By the way I assume you are testing LUSGS with 1st order

nived_mr June 1, 2018 02:30

Right now we are not using any MPI Functions inside the LU-SGS solver. We are working out a possible solution to account for missing neighbour cell information in the LU-SGS Matrix in all the processes.

naffrancois June 4, 2018 15:22

I would say as long as you have off-diagonal blocks into your matrix, e.g. not a block-diagonal matrix, means that you have for each element neighbor information. Then at a certain point in your LUSGS solver you will need MPI calls to synchronize values between the partitions.
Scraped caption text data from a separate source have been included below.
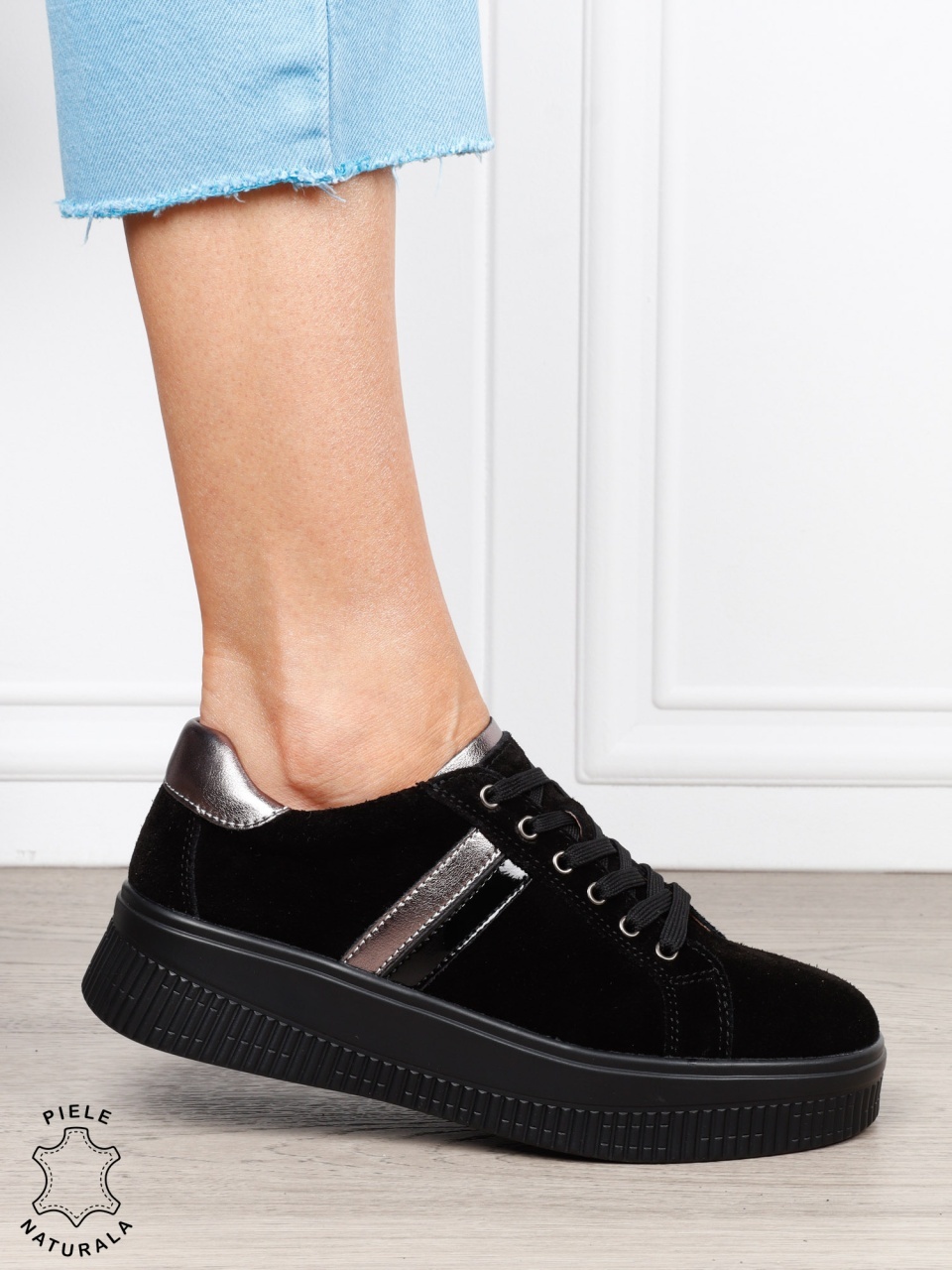 Pantofi sport din piele naturală intoarsa cu finisaje premium CRL1811 NEGRU SUEDE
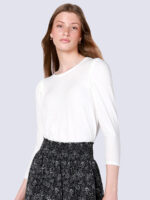 Dex sweater 2024027D light knit 3/4 sleeves cream colour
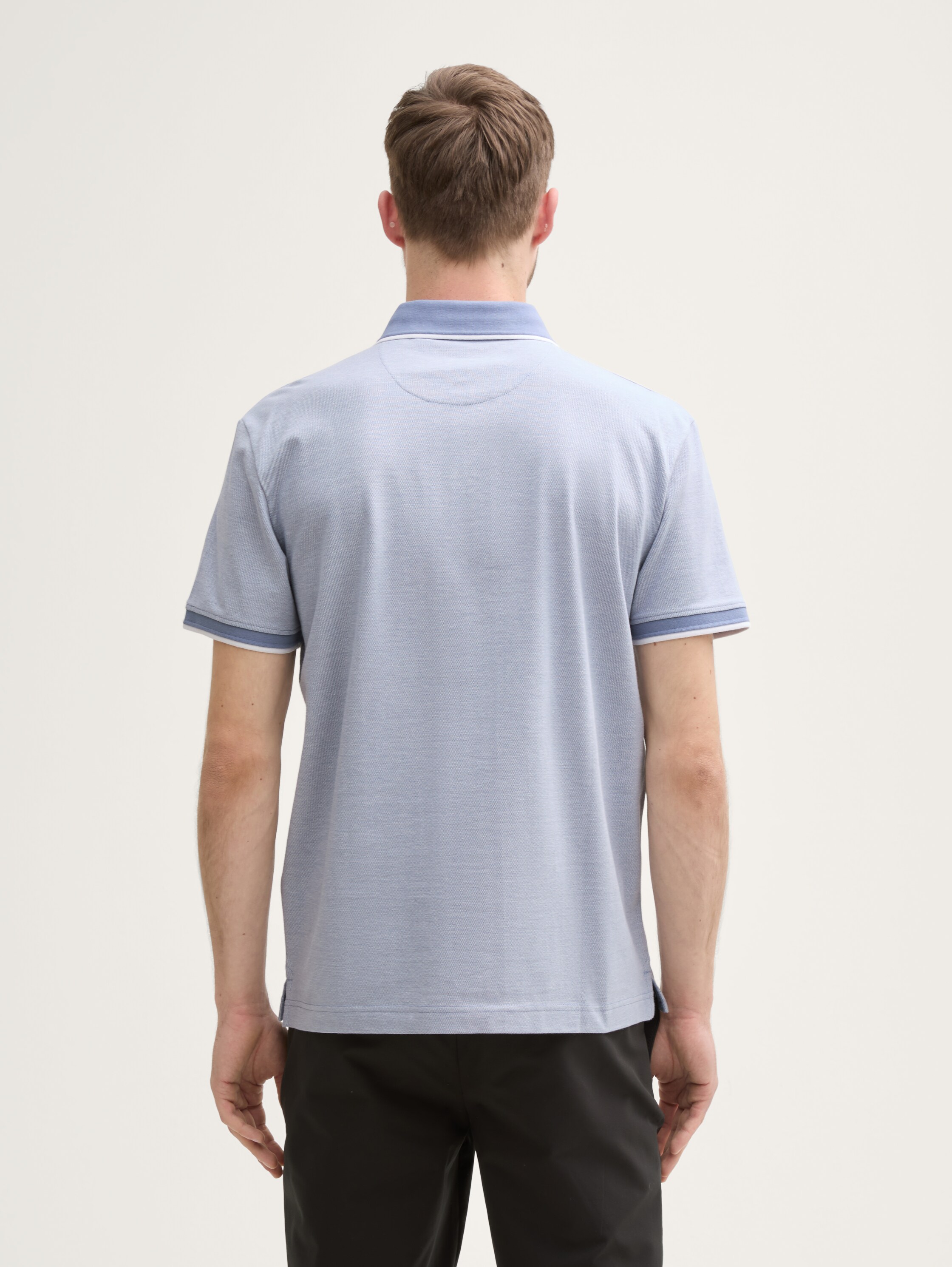 Piqué Poloshirt mit Logo-Label - dove_blue_white_two_tone_pique - 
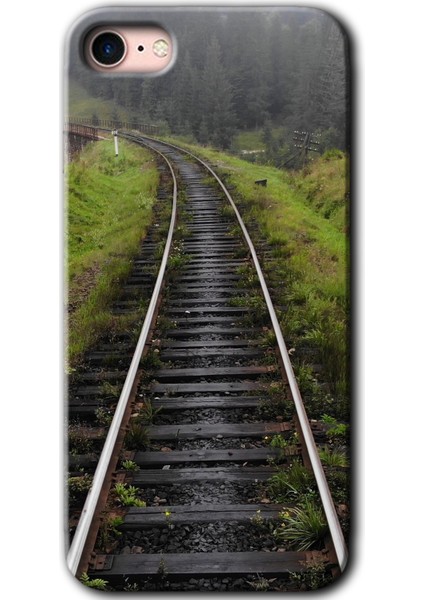 Apple iPhone 7 Kılıf Hd Desen Baskılı Arka Kapak + Kırılmaz Cam - Tren Yolu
Anytime you need values coming from a neighbor element you have to ask yourself if this value may belong to a different CPU.

AliE June 5, 2018 05:17

Quote:

Originally Posted by naffrancois (Post 694566)
I would say as long as you have off-diagonal blocks into your matrix, e.g. not a block-diagonal matrix, means that you have for each element neighbor information. Then at a certain point in your LUSGS solver you will need MPI calls to synchronize values between the partitions. Anytime you need values coming from a neighbor element you have to ask yourself if this value may belong to a different CPU.

naffrancois is right. Have you tried to use PETSC in order to solve the linear system? It resolved a lot of problem related to the linear system parallelization in my case and it is super-fast!